The Eternal Daughter (2022) is not a horror movie, but a ghost story. It’s useful to make that distinction since it’s about eeriness and suggestion, using ghosts as a way of dealing with memory, uncertainty and unresolvable emotions. Joanna Hogg (Unrelated) reunites with Tilda Swinton (after her first short film, Caprice, and The Souvenir Part 1 and 2) to play two roles, daughter and mother, who are on holiday in a hotel out in the Welsh countryside.
Within the staging and framing of the camera, as well as Swinton’s calibrated dual performances, it feels as if two characters are conversing in the same space, even if they never share it. The daughter, Julie Hart (Swinton) is a filmmaker trying to work on her next project (I didn’t clock that her name is carried over from the autobiographical character in Hogg’s The Souvenir movies). The mother, Rosalind (Swinton), grew up in the hotel as a transplant during World War II and spends her time organising Christmas cards and eventually reminiscing about painful memories. Then there’s Louise the dog who needs walks, which often take place at night on the hotel grounds.
With the dramatic orchestral music and the 16mm cinematography by Ed Rutherford, The Eternal Daughter works in the tradition of classic ghost stories, framing Swinton like Deborah Kerr in The Innocents. Though it really deals with more relatable anxieties and fears, wandering a hotel feeling like you’re the only one there, or hearing something (a voice? a scream?) within a howling wind. Eventually the film steps into the metatextual and presumably autobiographical, a consideration of love and agony within a mother and daughter relationship, and how to depict that creatively.

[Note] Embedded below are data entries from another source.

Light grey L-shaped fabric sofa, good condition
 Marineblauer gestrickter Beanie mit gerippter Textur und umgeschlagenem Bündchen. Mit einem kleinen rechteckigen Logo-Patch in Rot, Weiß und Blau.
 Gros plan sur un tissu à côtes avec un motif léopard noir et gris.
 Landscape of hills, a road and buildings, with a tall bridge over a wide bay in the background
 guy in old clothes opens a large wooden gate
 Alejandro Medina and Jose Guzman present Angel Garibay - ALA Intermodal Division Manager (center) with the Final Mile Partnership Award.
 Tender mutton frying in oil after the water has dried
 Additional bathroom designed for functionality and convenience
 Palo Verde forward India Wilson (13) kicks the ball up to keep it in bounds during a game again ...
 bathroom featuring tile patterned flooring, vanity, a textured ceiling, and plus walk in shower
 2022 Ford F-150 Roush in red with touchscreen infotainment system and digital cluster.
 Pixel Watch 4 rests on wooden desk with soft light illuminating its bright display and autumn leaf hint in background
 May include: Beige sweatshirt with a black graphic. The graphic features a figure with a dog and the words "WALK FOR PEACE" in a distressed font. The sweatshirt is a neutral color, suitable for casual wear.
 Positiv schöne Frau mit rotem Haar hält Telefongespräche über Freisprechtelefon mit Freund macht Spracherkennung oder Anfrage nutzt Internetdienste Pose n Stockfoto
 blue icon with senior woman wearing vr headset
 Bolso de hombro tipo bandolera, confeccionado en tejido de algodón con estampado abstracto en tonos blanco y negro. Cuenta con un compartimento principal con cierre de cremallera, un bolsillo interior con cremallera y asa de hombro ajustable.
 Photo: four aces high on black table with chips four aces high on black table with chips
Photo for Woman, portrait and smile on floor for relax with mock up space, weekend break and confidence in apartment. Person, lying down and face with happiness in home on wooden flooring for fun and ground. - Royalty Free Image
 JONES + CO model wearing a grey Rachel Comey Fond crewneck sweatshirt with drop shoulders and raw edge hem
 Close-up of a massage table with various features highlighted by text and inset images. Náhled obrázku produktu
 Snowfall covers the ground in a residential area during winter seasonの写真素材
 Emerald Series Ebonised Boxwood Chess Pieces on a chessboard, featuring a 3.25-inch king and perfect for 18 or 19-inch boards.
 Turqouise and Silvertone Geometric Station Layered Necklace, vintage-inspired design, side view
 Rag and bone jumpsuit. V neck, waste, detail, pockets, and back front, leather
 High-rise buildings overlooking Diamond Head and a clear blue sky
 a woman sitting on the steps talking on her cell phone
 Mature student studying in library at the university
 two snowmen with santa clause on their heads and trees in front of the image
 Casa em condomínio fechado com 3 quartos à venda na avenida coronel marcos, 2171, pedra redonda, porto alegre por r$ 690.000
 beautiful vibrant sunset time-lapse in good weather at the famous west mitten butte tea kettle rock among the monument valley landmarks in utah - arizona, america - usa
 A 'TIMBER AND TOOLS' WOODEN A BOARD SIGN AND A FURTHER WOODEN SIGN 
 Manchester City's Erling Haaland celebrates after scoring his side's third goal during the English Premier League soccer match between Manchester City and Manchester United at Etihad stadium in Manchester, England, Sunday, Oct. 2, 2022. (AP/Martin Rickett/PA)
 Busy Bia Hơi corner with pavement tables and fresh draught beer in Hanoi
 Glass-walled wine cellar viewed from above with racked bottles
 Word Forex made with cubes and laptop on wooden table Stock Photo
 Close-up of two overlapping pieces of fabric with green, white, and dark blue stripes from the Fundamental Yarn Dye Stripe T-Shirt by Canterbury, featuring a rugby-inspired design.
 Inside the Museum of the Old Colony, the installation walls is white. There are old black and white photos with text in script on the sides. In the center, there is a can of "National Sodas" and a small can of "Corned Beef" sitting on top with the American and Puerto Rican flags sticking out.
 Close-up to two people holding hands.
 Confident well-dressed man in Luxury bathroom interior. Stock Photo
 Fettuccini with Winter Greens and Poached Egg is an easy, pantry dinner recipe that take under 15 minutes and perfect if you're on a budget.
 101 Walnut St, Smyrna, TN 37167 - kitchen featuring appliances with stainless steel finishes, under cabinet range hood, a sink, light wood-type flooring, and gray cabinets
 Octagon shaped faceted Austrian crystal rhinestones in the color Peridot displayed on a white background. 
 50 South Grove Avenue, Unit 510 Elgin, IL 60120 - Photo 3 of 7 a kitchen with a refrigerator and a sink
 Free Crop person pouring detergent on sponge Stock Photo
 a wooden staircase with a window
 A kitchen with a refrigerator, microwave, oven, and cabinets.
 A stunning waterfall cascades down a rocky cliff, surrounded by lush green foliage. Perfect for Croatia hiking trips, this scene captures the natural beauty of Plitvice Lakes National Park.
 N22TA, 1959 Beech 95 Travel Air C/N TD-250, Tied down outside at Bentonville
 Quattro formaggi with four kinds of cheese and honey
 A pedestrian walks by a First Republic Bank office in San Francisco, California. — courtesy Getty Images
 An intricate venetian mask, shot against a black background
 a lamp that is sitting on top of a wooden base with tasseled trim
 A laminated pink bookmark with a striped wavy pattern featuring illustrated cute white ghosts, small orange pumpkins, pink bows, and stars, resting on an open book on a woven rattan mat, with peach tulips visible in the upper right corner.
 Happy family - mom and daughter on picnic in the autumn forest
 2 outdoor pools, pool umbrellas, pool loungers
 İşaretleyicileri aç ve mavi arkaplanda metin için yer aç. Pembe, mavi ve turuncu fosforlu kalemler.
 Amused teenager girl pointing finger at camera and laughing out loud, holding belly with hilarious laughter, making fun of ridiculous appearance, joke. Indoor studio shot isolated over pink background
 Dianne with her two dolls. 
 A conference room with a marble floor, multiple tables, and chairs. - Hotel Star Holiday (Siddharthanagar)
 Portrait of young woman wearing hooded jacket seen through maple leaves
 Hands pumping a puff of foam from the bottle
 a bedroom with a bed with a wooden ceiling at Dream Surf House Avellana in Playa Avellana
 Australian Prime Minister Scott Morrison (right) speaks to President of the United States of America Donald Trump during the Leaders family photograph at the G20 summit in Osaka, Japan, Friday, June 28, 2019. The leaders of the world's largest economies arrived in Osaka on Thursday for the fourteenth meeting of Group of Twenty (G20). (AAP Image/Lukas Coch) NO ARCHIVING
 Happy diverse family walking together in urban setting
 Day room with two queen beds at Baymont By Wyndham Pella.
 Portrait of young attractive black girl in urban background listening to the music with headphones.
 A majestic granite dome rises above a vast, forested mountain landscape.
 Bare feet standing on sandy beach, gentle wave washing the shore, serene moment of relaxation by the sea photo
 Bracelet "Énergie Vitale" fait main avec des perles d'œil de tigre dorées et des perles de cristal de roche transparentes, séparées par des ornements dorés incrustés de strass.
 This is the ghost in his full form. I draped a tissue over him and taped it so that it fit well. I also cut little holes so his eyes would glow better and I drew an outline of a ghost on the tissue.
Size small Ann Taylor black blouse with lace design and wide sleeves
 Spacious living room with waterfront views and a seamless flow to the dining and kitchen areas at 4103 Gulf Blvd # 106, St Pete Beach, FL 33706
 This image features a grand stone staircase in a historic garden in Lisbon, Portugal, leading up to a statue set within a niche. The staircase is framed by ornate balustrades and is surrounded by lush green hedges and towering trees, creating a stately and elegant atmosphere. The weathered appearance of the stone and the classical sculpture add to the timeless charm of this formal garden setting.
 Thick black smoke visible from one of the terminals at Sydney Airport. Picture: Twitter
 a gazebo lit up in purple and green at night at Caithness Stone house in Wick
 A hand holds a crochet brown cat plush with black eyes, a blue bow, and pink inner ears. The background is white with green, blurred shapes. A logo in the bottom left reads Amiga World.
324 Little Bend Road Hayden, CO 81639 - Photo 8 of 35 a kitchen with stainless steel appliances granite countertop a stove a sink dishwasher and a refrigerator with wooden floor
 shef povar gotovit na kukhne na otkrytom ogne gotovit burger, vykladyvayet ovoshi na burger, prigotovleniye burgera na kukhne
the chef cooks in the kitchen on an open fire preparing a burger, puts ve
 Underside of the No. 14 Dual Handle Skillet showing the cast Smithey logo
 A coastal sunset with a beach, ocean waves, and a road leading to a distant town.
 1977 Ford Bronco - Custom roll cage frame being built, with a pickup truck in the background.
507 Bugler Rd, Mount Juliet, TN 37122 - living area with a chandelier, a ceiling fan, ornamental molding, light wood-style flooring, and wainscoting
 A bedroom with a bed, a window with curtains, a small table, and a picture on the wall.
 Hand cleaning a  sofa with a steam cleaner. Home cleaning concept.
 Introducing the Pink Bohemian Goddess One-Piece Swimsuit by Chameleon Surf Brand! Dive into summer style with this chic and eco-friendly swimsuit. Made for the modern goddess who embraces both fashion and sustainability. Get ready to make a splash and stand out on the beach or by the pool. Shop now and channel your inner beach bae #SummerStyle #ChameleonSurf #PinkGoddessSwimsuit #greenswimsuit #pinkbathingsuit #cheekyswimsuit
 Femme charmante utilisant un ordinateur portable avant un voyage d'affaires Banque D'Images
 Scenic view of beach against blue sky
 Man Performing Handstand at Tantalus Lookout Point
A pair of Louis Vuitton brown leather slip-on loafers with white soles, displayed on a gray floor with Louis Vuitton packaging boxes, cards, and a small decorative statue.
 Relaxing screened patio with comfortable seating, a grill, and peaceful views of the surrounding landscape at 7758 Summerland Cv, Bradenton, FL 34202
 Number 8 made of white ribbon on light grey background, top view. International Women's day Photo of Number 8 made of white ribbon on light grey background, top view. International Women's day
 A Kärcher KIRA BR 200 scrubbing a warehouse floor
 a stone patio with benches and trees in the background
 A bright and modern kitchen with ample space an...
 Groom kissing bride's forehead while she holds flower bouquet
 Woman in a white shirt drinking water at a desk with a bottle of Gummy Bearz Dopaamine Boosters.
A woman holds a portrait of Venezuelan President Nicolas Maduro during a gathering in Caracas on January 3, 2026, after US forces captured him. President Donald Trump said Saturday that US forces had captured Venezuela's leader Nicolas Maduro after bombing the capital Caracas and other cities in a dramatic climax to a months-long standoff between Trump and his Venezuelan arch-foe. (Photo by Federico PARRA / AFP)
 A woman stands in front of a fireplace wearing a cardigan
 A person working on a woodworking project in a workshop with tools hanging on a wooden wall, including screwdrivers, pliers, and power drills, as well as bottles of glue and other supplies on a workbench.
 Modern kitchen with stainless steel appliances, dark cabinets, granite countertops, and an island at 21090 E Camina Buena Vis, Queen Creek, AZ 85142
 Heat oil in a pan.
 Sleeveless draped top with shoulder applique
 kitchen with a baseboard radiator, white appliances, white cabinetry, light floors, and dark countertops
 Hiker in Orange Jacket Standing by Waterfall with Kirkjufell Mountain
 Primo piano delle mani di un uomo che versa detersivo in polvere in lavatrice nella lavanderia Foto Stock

Atmospheric in its look and sound, The Eternal Daughter nicely develops from its initial table-setting into something emotionally and thematically resonant. Even if I don’t have the same relationship as depicted between mother and daughter, it keys into the muddling of parent and child roles when people get older, and the importance of trying to hold onto things even as they are impermanent, like breath fogging up a window pane and fading away.